Baroness Picnic Shelters offer a grand view of High Level Bridge in Lethbridge, Alberta, Canada.
The Baroness Picnic Shelter is an interesting park just south from Helen Schuler Nature Centre and High Level Bridge within Indian Battle Park. Access is via the right turn just past Fort Whoop Up to a well-signed clearing on the left (west) side of the paved road. There is convenient and obvious parking near roadside.
The well-groomed park is an open area surrounded by dense forest concealing multiple hiking trail opportunities. Formidable wooden and covered picnic shelters offer protection from the elements. The tidy park provides a variety of unique playground, puzzle and exercise features for children of all ages.
An ancient gravestone under the shade of mature trees is further protected by a formal chain link border preserving the memory of young Henry Stafford who was born in Scotland on August 29, 1866, and the only child of William and Jane Stafford. Henry tragically lost his life on August 4th, 1883 at the age of 17. His parents, William and Jane, were larger-than-life founding members of Lethbridge, Alberta, who made significant contributions to the location and development of the city.
Unique playgrounds offer opportunities for exercise of muscles and mind with traditional exercise equipment mixed with an interesting variety of mind-expanding, land-based puzzles and games. The park is unique and imaginative. On this early morning, sunny, week day, the entire facility is nearly vacant for enjoyment of the amenities.
Cooking and dining shelters are impressive and well-constructed to provide protection from the elements. High Level Bridge looms overhead a short distance north and always offers a unique and awesome impression.
The real hiking opportunity is directly across the street where a formidable hoodoo hill is equipped with a long and impressive wooden staircase rising to three levels of viewpoints overlooking the valley. A few people are running up and down the formidable staircases to achieve an aerobic workout.
Along the short walk to the entrance at the bottom of the stairs, it is obvious many past visitors have compromised the steep slopes with scrambles directly to the top. While undoubtedly more adventurous, the deep ruts created are exposed to further damage by inclement weather. Barricades have been constructed to discourage further damage and to promote developing plant growth which may heal the damage over many future decades. Cleverly blocking access at road level might be a sensible additional protection.
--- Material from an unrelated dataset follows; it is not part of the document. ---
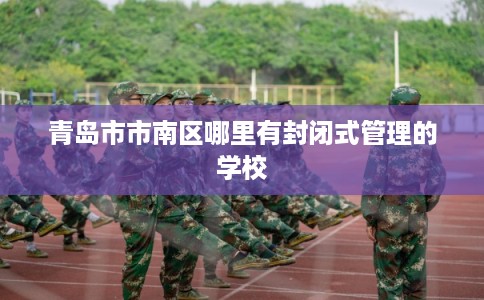 青岛市市南区哪里有封闭式管理的学校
Vistas back across the Baroness Picnic Shelter and Park provide clear perspective of the Oldman River Valley crowned by the University of Lethbridge on far-side banks. The relentless stair climb, with the opportunity to enjoy spectacular views, offer opportunities to rest at platforms with benches. A sturdy and picturesque, wooden gazebo crowns the top of the initial, steepest section of the route. Most staircase sections of the hike to the top are augmented by gravel trail for others like myself who prefer the consistent ramp angles as an alternative to stair steps.
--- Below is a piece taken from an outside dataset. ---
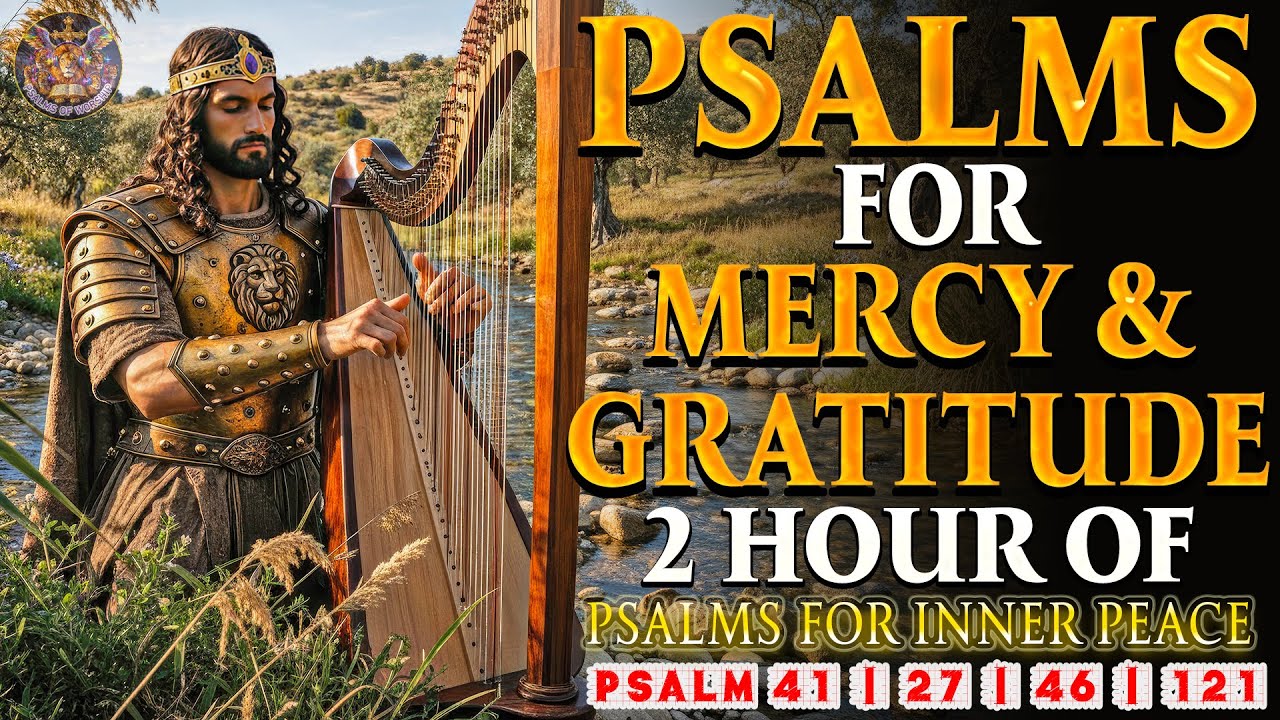 Psalms for Mercy & Gratitude | 2 Hours of David Psalms for Inner Peace #psalms #hebrewmusic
Past the formidable gazebo, a more gentle incline hangs left and continues upwards to prairie plateau at the top. Views are breathtaking. The unique nature of the roof garden at the Helen Schuler Nature Centre is clearly visible past the geometric support structure of the High Level Bridge.
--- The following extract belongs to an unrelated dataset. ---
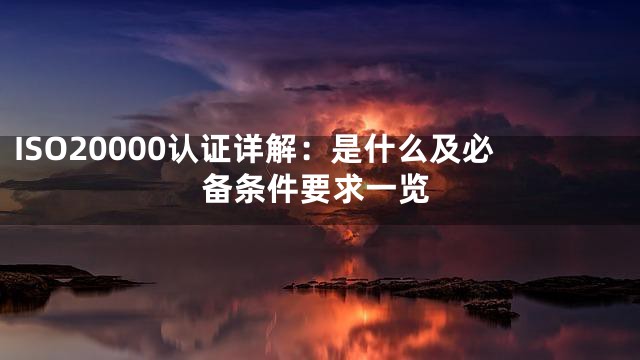 ISO20000认证详解：是什么及必备条件要求一览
When there could apparently be no further improvement on this outstanding and adventuresome experience, a freight train begins to make its way across the High Level Bridge, travelling east towards the hilltop. The scale of sound and sight create an impressive and indelibly-memorable experience as the camera works hard to capture the unique imagery.
The train, which is longer than the bridge, stops on the bridge for unknown reasons. Perhaps the full weight of the train is used to test bridge dynamics and integrity or more likely there is a checkpoint or necessary stop within the city for fueling, or load transfer, before the impressive train span can continue to a potential destination thousands of miles to the east. The essential inner child is alive and well.
Trail from the top continues across prairie grassland towards Brewery Gardens in the city. The 3.3 KM (2.1 mile) loop towards Brewery Gardens provides the opportunity to visit a variety of unique attractions before continuing past Fort Whoop Up on the return route to Baroness Picnic Shelter and Park. The alternative this day is to descend the wooden stairs used for access. The vistas on this blue sky day are no less spectacular on the way down than they were on the ascent.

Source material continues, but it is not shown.